**COLLECTED MATERIAL**:
****************************************
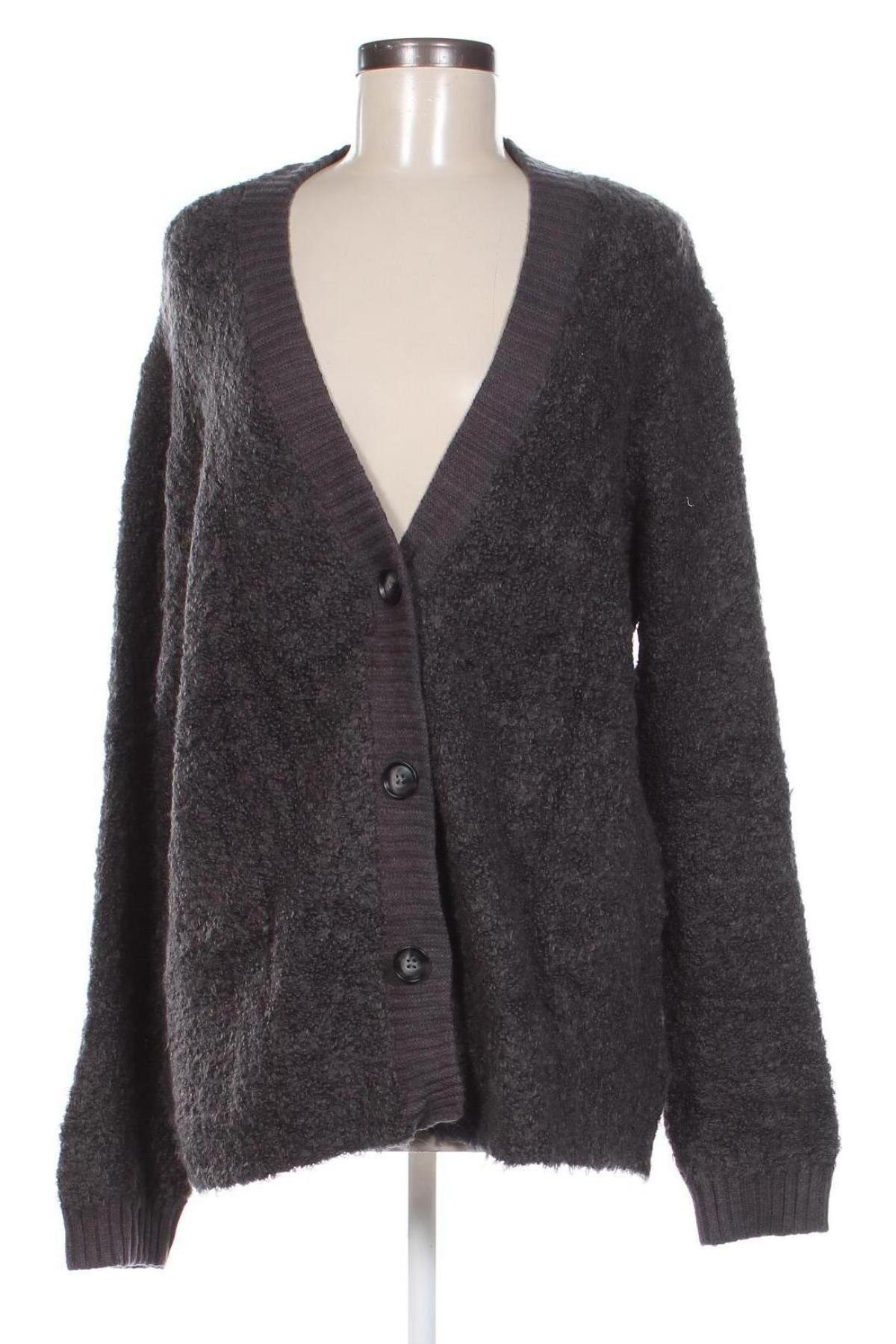 Damen Strickjacke Gina Benotti, Größe L, Farbe Grau, Preis € 9,49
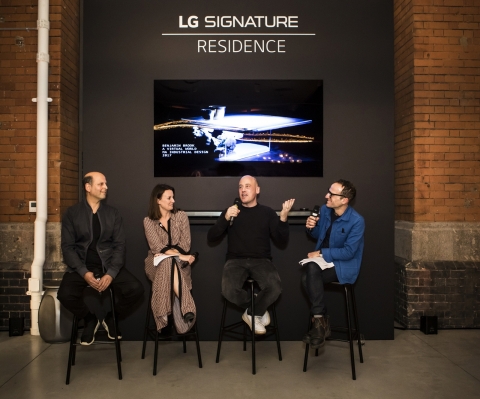 LG전자, 英 아트스쿨 ‘센트럴 세인트 마틴’과 ‘LG 시그니처’ 알리기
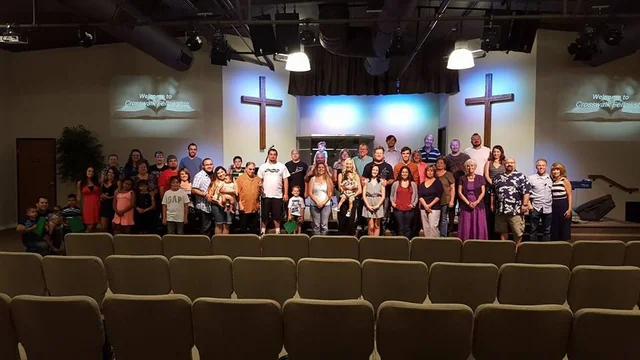 Crosswalk Fellowship header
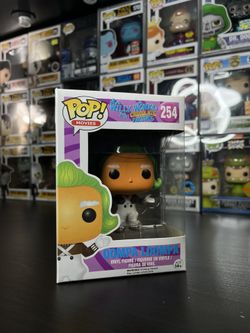 Oompa Loompa *ERROR BOX Funko Pop Willy Wonka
****************************************
Reproduce the whole listing above word for word, but not its pictures.

 Damen Strickjacke Gina Benotti, Größe L, Farbe Grau, Preis € 9,49
 LG전자, 英 아트스쿨 ‘센트럴 세인트 마틴’과 ‘LG 시그니처’ 알리기
 Crosswalk Fellowship header
 Oompa Loompa *ERROR BOX Funko Pop Willy Wonka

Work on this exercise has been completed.